If The Tree of Life left you wondering if the once great Terrence Malick (Days of Heaven, The Thin Red Line) had wandered into the realm of self-parody, To the Wonder will tear any remaining doubt from your mind. Monotonous, inaccessible and embarrassingly self-indulgent, this elliptical cinematic meditation on love and indecision is not only a bad film, it could very well represent the point at which the enigmatic American filmmaker ceases to be relevant entirely.
Say what you will about the meandering pretentiousness of The Tree of Life, at least it was unique. This movie, on the other hand, feels like a B-roll from that previous work, and is so riddled with recognisable Malick clichés – sunlight filtering through leaves, actresses pirouetting endlessly in fields, obvious philosophising whispered ceaselessly over the soundtrack – that it fails to be remarkable at all.
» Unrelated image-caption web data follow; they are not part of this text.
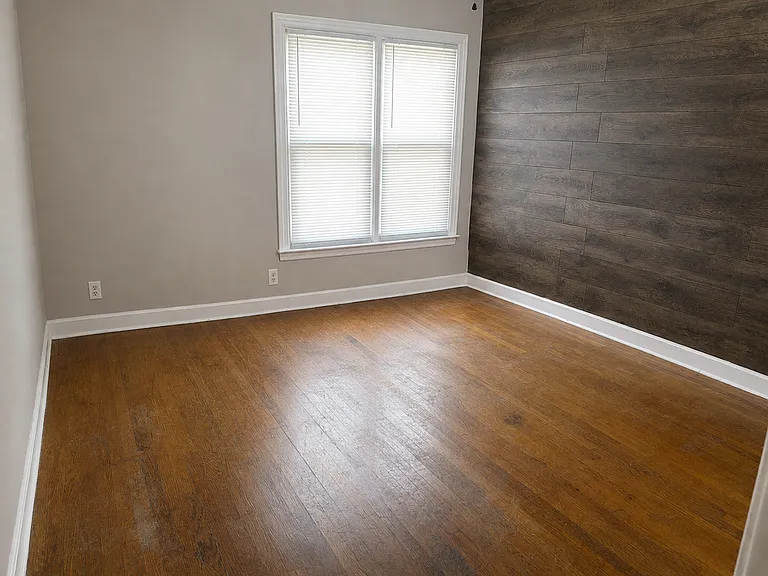 115 S Edmonds St — Photo 6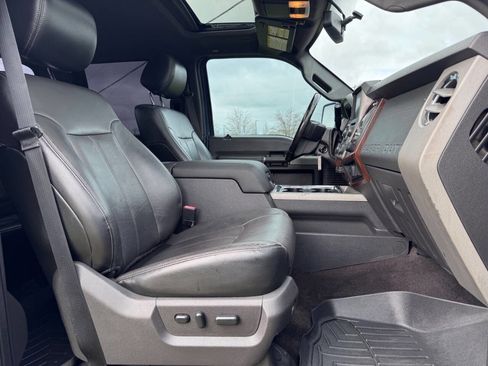 Used 2015 Ford F250 Lariat w/ Lariat Ultimate Package image 10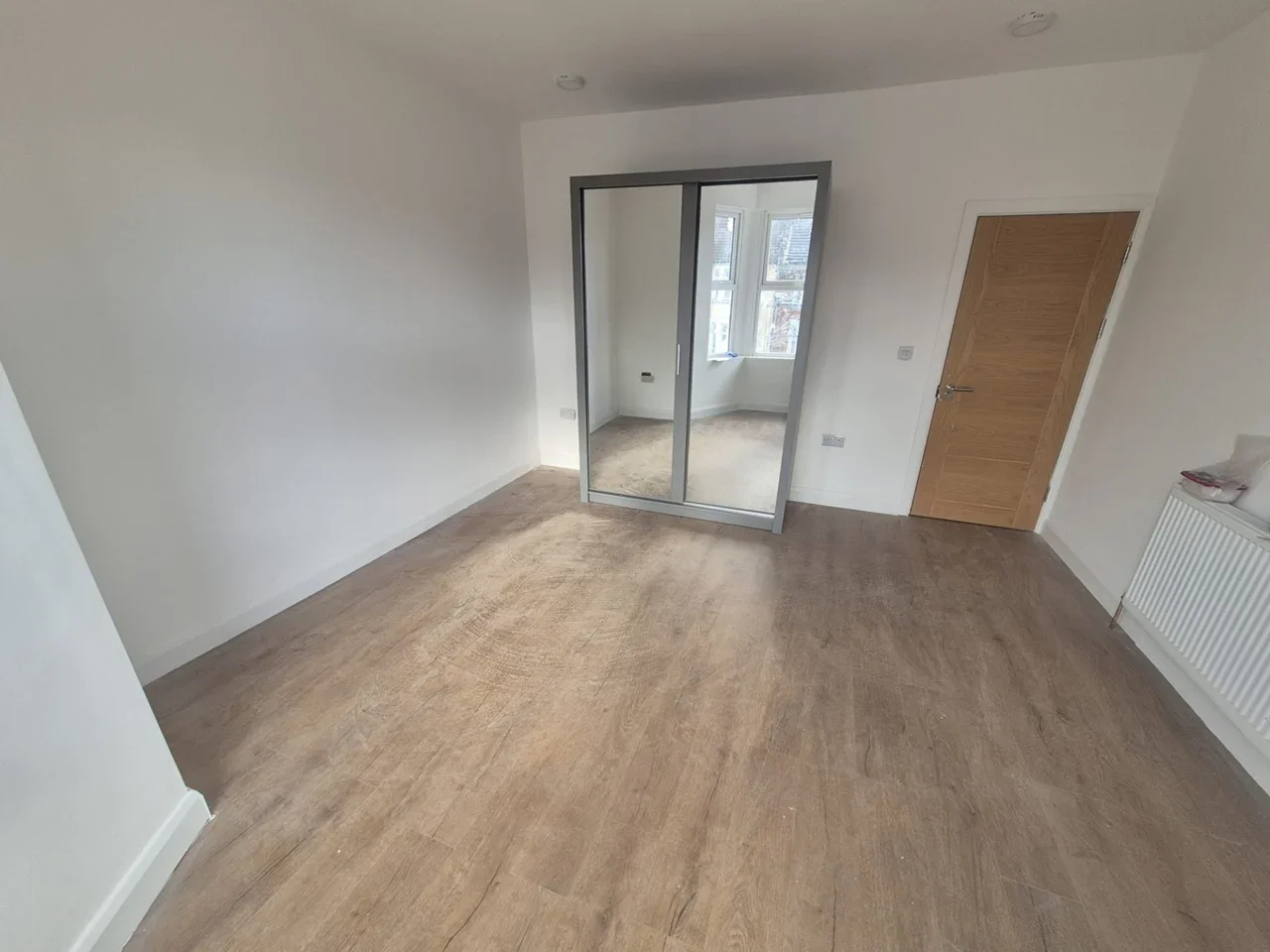 Flat Richmond Road in Greater London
But hey, at least it’s under two hours.
Although Malick seems to have long left the world of the conventional narrative behind, To the Wonder does unfold in a relatively straight-forward and mostly linear manner. A Parisian woman (Olga Kurylenko; Quantum of Solace) falls in love with an American man (Ben Affleck; The Town) and goes to live with him in the United States. But then they fall out of love and she returns to Paris, only to come back to America after Affleck has a brief relationship with Rachel McAdams (Midnight in Paris). So this waltz continues (complete with actually skipping and dancing) for about two hours until the movie just sort of…ends. Javier Bardem (Biutiful) also shows up as a priest around wanders around for a little bit – it’s about as connected to the other story as it sounds.
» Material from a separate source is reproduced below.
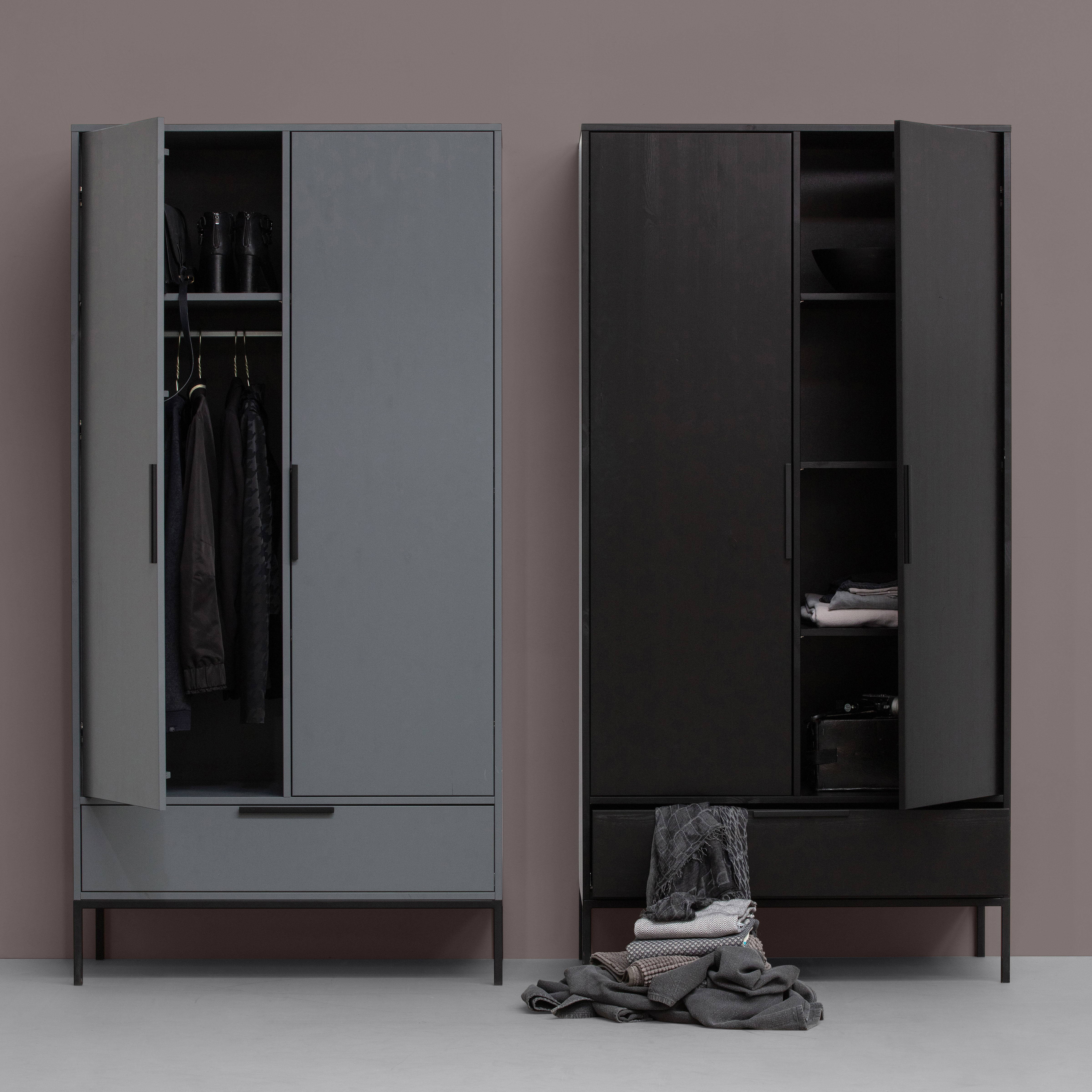 373212-S-373212-Z-01_SF_FA_Adam_2-deurs_kast.jpg?auto=webp&format=png&width=1500&height=1500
Even more than with Tree of Life, what little chance one has with connecting emotionally with To the Wonder is hamstrung by Malick’s misguided indulgence in experimental form. Between them the actors have perhaps one hundred words of onscreen dialogue, and at no point does Malick even attempt to communicate why the films various relationships – be it between Affleck and Kurylenko, or Bardem and God – are on the brink of falling apart. Meanwhile, the hushed voiceover narration from the various characters somehow manages to be both laughably heavy-handed in spelling out how the characters are feeling, and cringingly pretentious, like a self-important poet who doesn’t realise how generic and clueless his existential whinging actually sounds.
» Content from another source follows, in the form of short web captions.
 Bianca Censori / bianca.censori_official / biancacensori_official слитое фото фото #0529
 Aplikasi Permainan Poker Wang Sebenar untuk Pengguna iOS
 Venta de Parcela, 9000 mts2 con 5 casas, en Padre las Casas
Photographically, Malick and his acclaimed cinematographer Emmanuel Lubezki have once again captured many striking images. Unfortunately, for beauty to truly leave an impression, it has to be unique or outstanding. In a Malick film, ethereal shots of nature, or of an actress spinning purposelessly around in a circle, are the norm. Rarely do these visuals evoke feelings of awe, because they resemble so closely all those that came before or after them, both within To the Wonder and the director’s filmography at large. There’s simply nothing new.
This is not to say some of the shots aren’t technically impressive. So broad and purposefully obscure is Malick’s mode of filmmaking that everyone will be able to find at least one shot to latch on to – for me it was a moment in an amusement park that, admittedly, had me utterly captivated. But these moments are few and far between, and as the film drags slowly onwards, you start to feel restless before flat-out boredom sets in.
Moreover, when you consider the fact that a) this is Malick’s second film in two years after making only four in the last four decades, as well as b) his notoriously radical editing process (Rachel Weisz, Jessica Chastain and Michael Sheen were all allegedly cut from To the Wonder), you can’t help but fell that perhaps this movie is little more than the visual and thematic leftovers from a much more ambitious (if equally disastrous) earlier effort. If that was a tree, what’s left is little more than kindling. And if To the Wonder is the kind of film we get when Malick is prolific, I’d rather he took another ten or twenty years off.